Может быть, в ответ ты скажешь, что в одном из своих холлоуэйских писем я сам просил тебя попытаться, насколько сумеешь, хоть немного обелить меня в глазах хотя бы некоторых кругов? Разумеется, я просил об этом. Вспомни, почему я в эту самую минуту здесь и как я сюда попал. Не думаешь ли ты, что я попал сюда за связи с теми, кто выступал свидетелями на моем процессе? Мои вымышленные или реальные связи с подобными людьми не интересуют ни Правительство, ни Общество. Они ничего не ведали об этом, а интересовались и того меньше. Я попал сюда за то, что пытался посадить в тюрьму твоего отца. Конечно, моя попытка провалилась. Мои собственные адвокаты отказались от защиты. Твой отец поменялся со мной ролями и засадил меня в тюрьму, и я сижу в тюрьме до сих пор. Вот за что меня обливают презрением. Вот почему люди мной гнушаются. Вот почему мне придется отбыть ужасное заключение до последнего дня, до последнего часа, до последней минуты. Вот почему на все мои прошения отвечают отказом.

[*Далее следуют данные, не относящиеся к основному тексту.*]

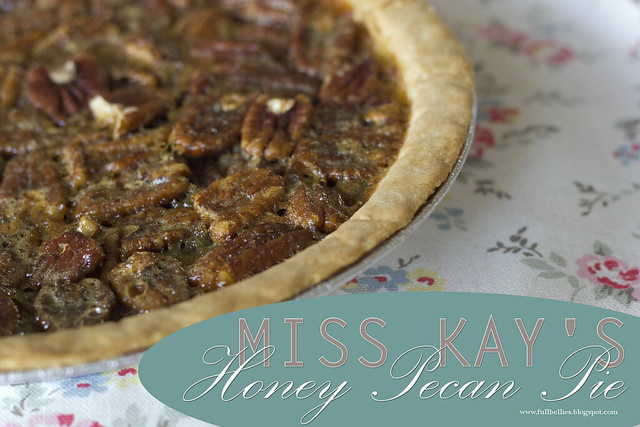 Miss Kay's Honey Pecan Pie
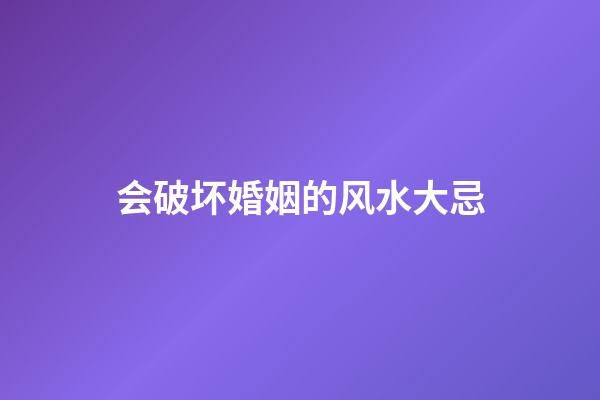 会破坏婚姻的风水大忌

Ты был единственным человеком, который мог бы, не подвергая себя насмешкам, опасностям или осуждению, придать всему делу иную окраску, представить все обстоятельства в ином свете, до некоторой степени приоткрыть истинное положение вещей. Конечно, я не ожидал бы, даже не хотел бы, чтобы ты рассказывал, с какой целью ты просил моей помощи, когда с тобой случилась та неприятность в Оксфорде, и как или с какой целью — если у тебя была хоть какая-то цель — ты буквально не отходил от меня в течение двух с лишним лет. Не было необходимости говорить о моих постоянных усилиях избавиться от этой дружбы, столь губительной для меня — художника, известного человека, да и просто члена общества, — говорить с теми подробностями, как я говорю здесь. Я бы не просил тебя ни рассказывать о сценах, которые ты мне устраивал так регулярно, что это стало отдавать однообразием, ни оглашать ту удивительную серию твоих телеграмм ко мне, в которых причудливо переплеталась романтичность с расчетливостью, ни цитировать на выбор самые отвратительные и бессердечные места из твоих писем, как мне пришлось сделать поневоле. И все же я думаю, что для тебя и для меня было бы лучше, если бы ты хоть отчасти опроверг выдуманную твоим отцом версию нашей дружбы, — шутовства в этой версии не меньше, чем яда, и если меня она бесчестит, то тебя выставляет в самом нелепом свете. Эта версия отныне уже всерьез стала достоянием истории: на нее ссылаются, ей верят, ее заносят в анналы; проповедник избрал ее темой для проповеди, а моралист — для своего нудного назидания, и я, беседовавший со всеми веками, был вынужден выслушать свой приговор от нашего века, схожего с обезьяной и шутом. В этом письме я уже говорил, и, признаюсь, не без горечи, что ирония положения привела к тому, что твой отец станет живым прототипом героя хрестоматий для воскресной школы, тебя поставят в один ряд с отроком Самуилом, а мне отведут место между Жилем де Ретцем и маркизом де Садом. Что ж, все это к лучшему. Я не собираюсь жаловаться. Один из многих уроков, которые нам дает тюрьма, — порядок вещей таков, как есть, и все будет, как будет. И у меня нет ни малейшего сомнения, что средневековый злодей и автор «Жюстины» составят мне компанию получше, чем Сэндфорд и Мертон.[51]